Josep Ramoneda, en El País
España está en situación de emergencia: se está desangrando con una hemorragia de seis millones de personas excluidas del trabajo. El Gobierno declara su fracaso, al confesarse incapaz de cumplir en esta legislatura los objetivos para los que fue elegido. Es decir, la hemorragia seguirá y el país continuará perdiendo tono vital y capacidad de reacción. El partido socialista, al que la inacabable agonía del zapaterismo dejó en una anemia de la que todavía no se ha recuperado, no consigue dibujar una alternativa creíble. Los sindicatos, identificados como defensores de los que tienen empleo, son vistos por la mayoría como parte del desprestigiado universo institucional. Y la ciudadanía, sin futuro a la vista, siente un desamparo creciente. La suma de estos factores configura el escenario idóneo para que volvamos a dar vueltas a la noria del gran acuerdo de Estado. ¿Para qué? ¿Para salvar la cara a unos actores políticos y sociales en pleno declive incapaces de dar respuesta a los problemas de la ciudadanía? ¿Para que cesen las demandas de una reforma institucional en profundidad, de un nuevo y real reparto del poder?
Creo que el pacto es imposible por dos razones: no hay voluntad real de alcanzarlo, solo se habla de acuerdo para cargar en el adversario la responsabilidad del fracaso. Y no se da el marco que lo haga posible, ni siquiera deseable.
Los sindicatos han planteado las dos condiciones básicas para un pacto sobre el empleo: retirar la reforma laboral del PP, que solo ha provocado más paro y regulación del mercado laboral a la baja, con caída de los salarios y más empleo precario; generar inversión con un fondo público y con presión sobre los bancos, que de algún modo tienen que devolver lo que la sociedad les está dando. Ninguna de estas condiciones es aceptable para el PP que, al tiempo que ha reconocido su fracaso, no tiene empacho en decir que no piensa cambiar de política. Al Gobierno el pacto solo le interesa si sirve para que los demás legitimen una política quemada. El PSOE habla de pacto para dar imagen de partido responsable, dispuesto a ayudar en un momento de dificultades. Pero en el fondo es la expresión de la incapacidad de definir una política alternativa real y de explicarla de modo creíble a la ciudadanía.

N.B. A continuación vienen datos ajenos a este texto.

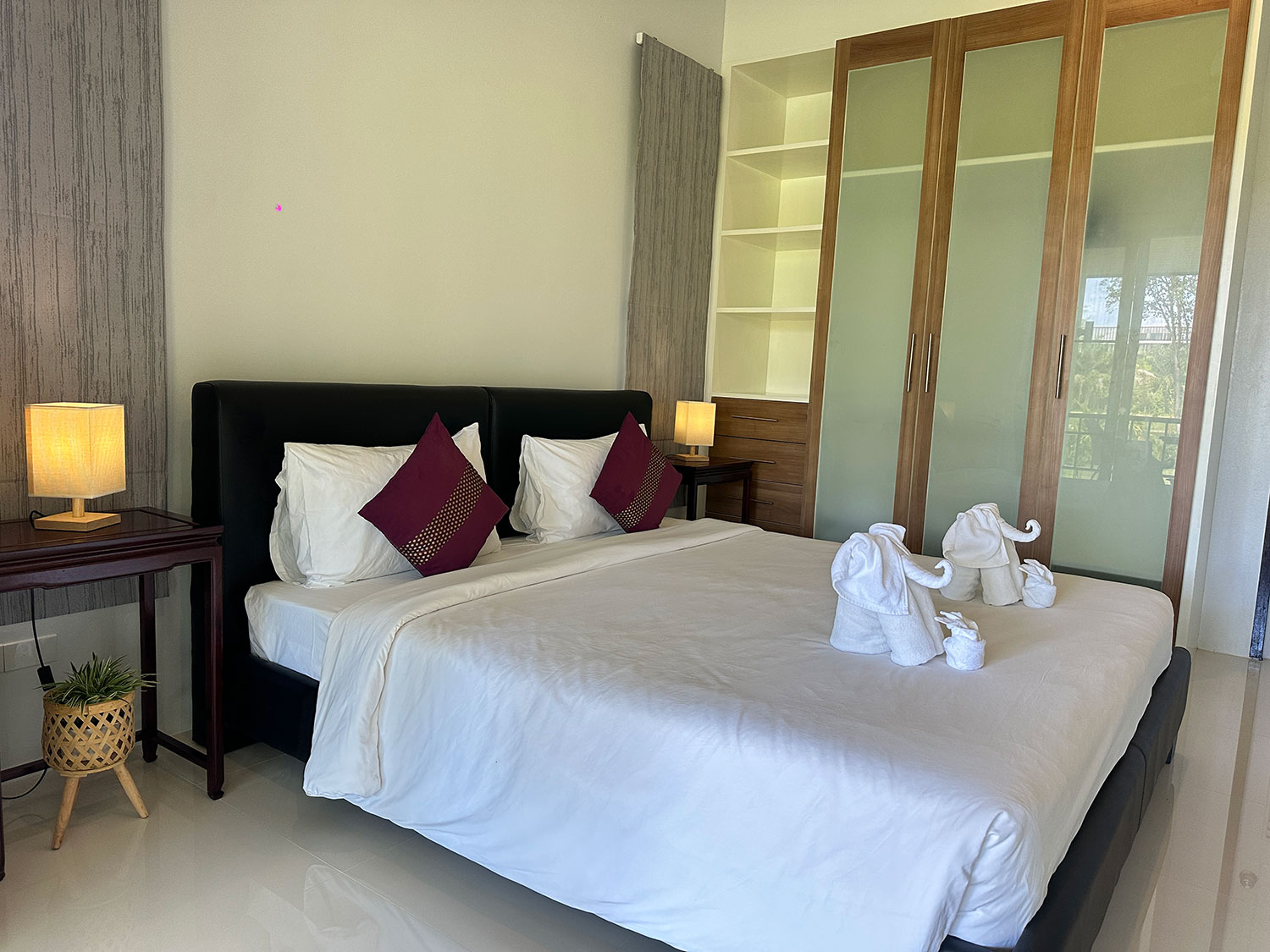 Official ThaiLife Residences project image showing modern bedroom with bed and wardrobe for the Bang Muang, Takua Pa development. Confirm whether the image is completed-property photography, a show unit or a design visualisation before using it as construction-status evidence.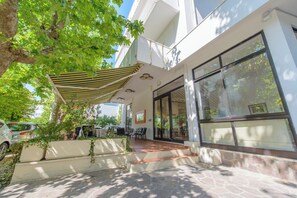 Un espacio de estar al aire libre cubierto con un patio, un coche estacionado cerca y un edificio con grandes ventanales.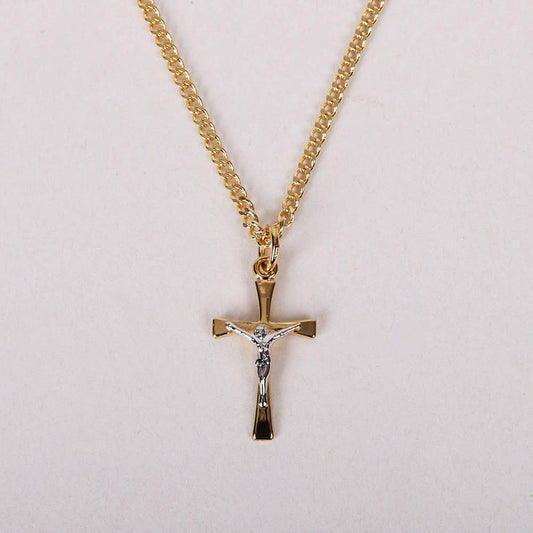 Gold cross necklace with chain on a light gray background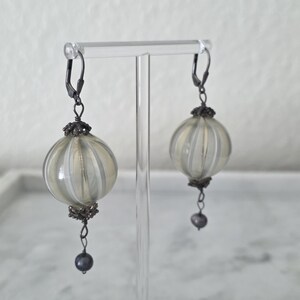May include: A pair of dangle earrings featuring round, ribbed, light-colored glass orbs with silver-tone metal accents. Each earring has a dark gray bead at the bottom and a lever-back closure. The earrings are displayed on a clear stand.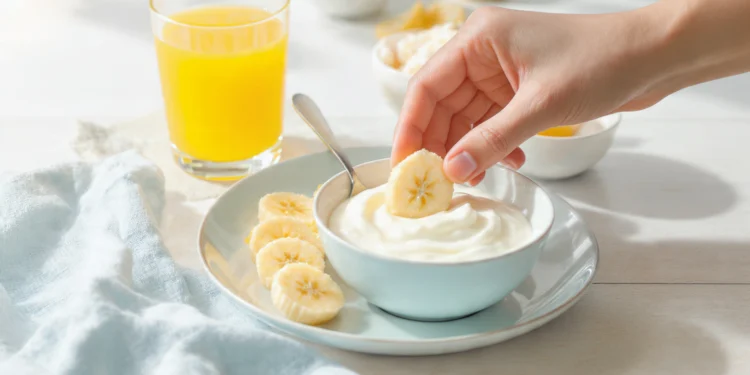 Healthy breakfast for kids with fruit kabobs, pancakes, yogurt parfaits and egg muffins on colorful plate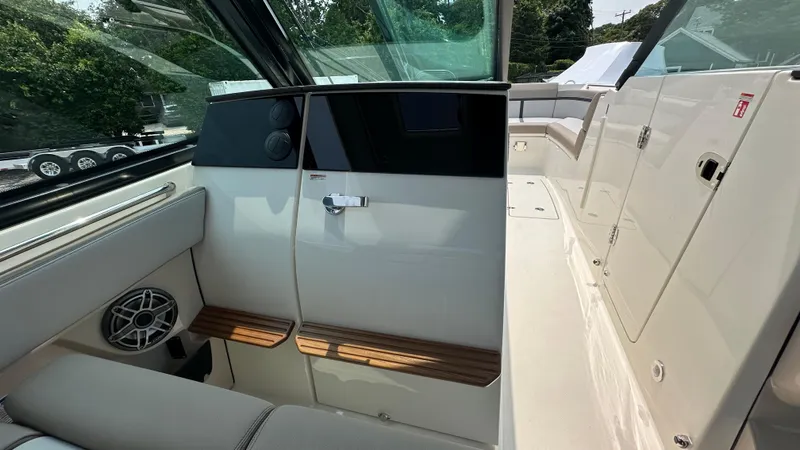 Slide: The Image of 2025 Boston Whaler 330 Vantage interior with seating, speaker, and storage compartments. - 17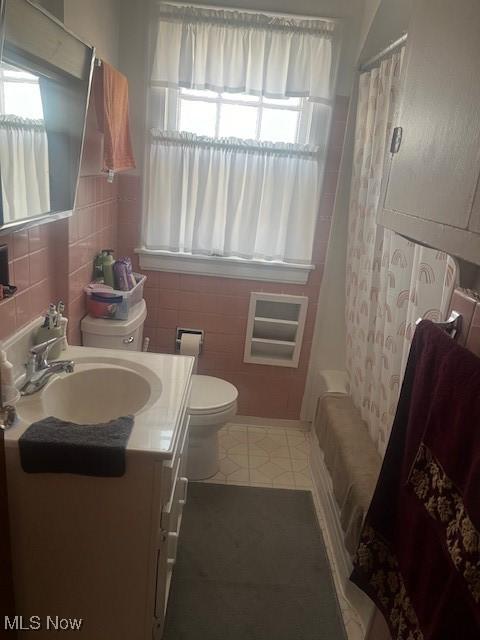 full bathroom featuring toilet, a healthy amount of sunlight, shower / bathtub combination with curtain, and vanity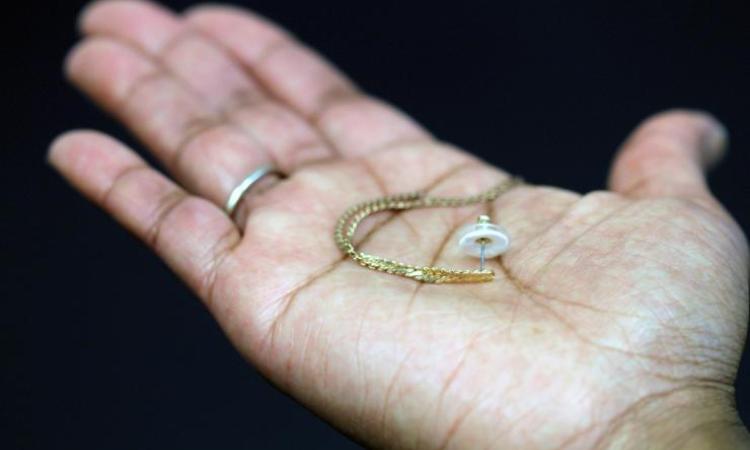 <p>An earring is shown paired with a transdermal patch backing. The white ring is the patch containing the contraceptive hormone. (Credit: Mark Prausnitz, Georgia Tech)</p>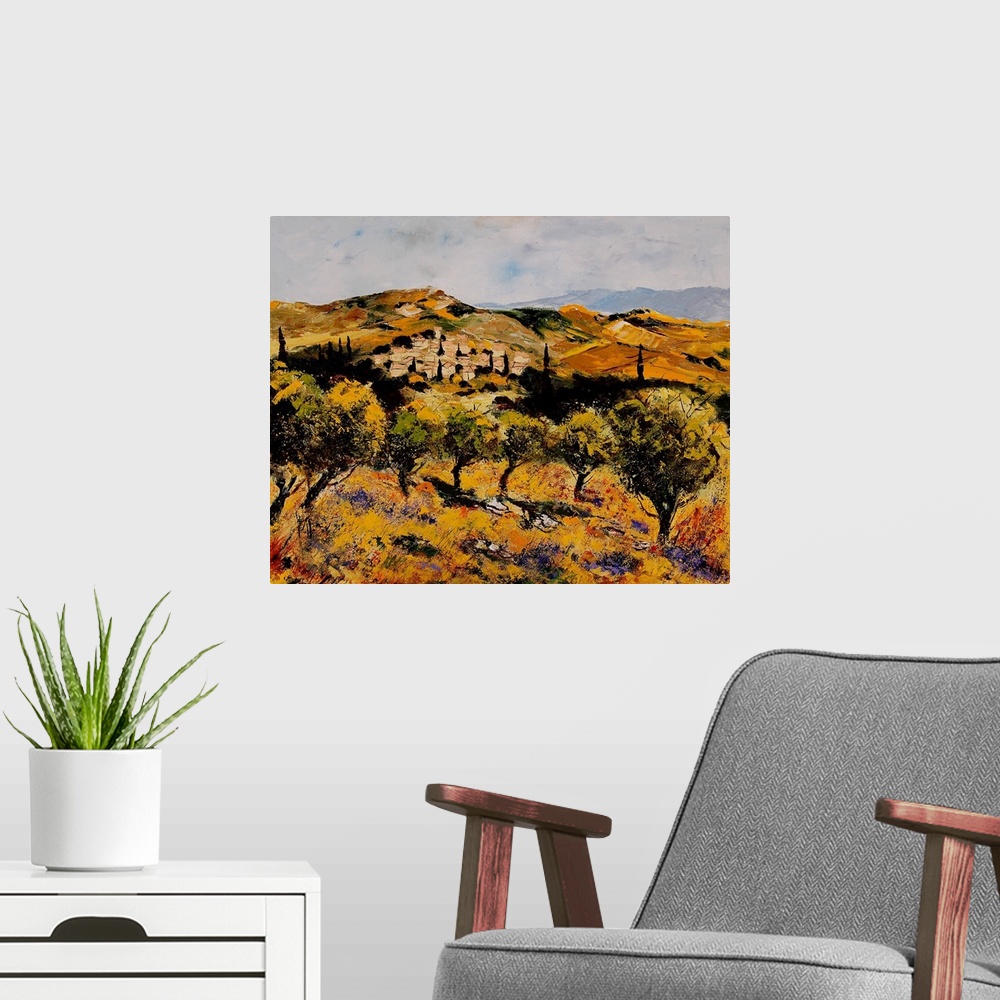 A modern room featuring A horizontal abstract landscape of a village with muted textured colors of brown, orange and yellow.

El pacto es imposible porque no están claros los objetivos. En el consenso de la transición había dos impulsos compartidos: crear un sistema democrático homologable y estable, y normalizar el país con la incorporación plena en Europa. Ahora ni siquiera acabar con el desempleo es un objetivo común: la reforma laboral demuestra que el PP cree que el paro es un mal necesario para salir de la crisis.
Decía Jacob Burckhardt que las verdaderas crisis son raras. Esta es rara, por tanto, verdadera. Es una crisis sistémica, que nos ha situado en una encrucijada y del camino que se escoja dependen muchas cosas: entre ellas, la supervivencia de la democracia y los modos de convivencia futura. Es una crisis que responde a una revolución tecnológica con efectos múltiples sobre la propia experiencia humana y a cambios sustanciales en la composición de los grupos humanos: desde la división en clases sociales hasta la composición de la pirámide de edad. De ahí que aparezcan fracturas nuevas en la confrontación social: los partidarios de desdibujar la política y los partidarios de la defensa de lo público; los instalados, que todavía tienen trabajo, y los excluidos; los que buscan la impunidad saliéndose del marco social e institucional, y los que buscan amparo en los referentes comunitarios y en las instituciones compartidas. A través de estos y otros conflictos se van modificando las líneas de confrontación política e ideológica.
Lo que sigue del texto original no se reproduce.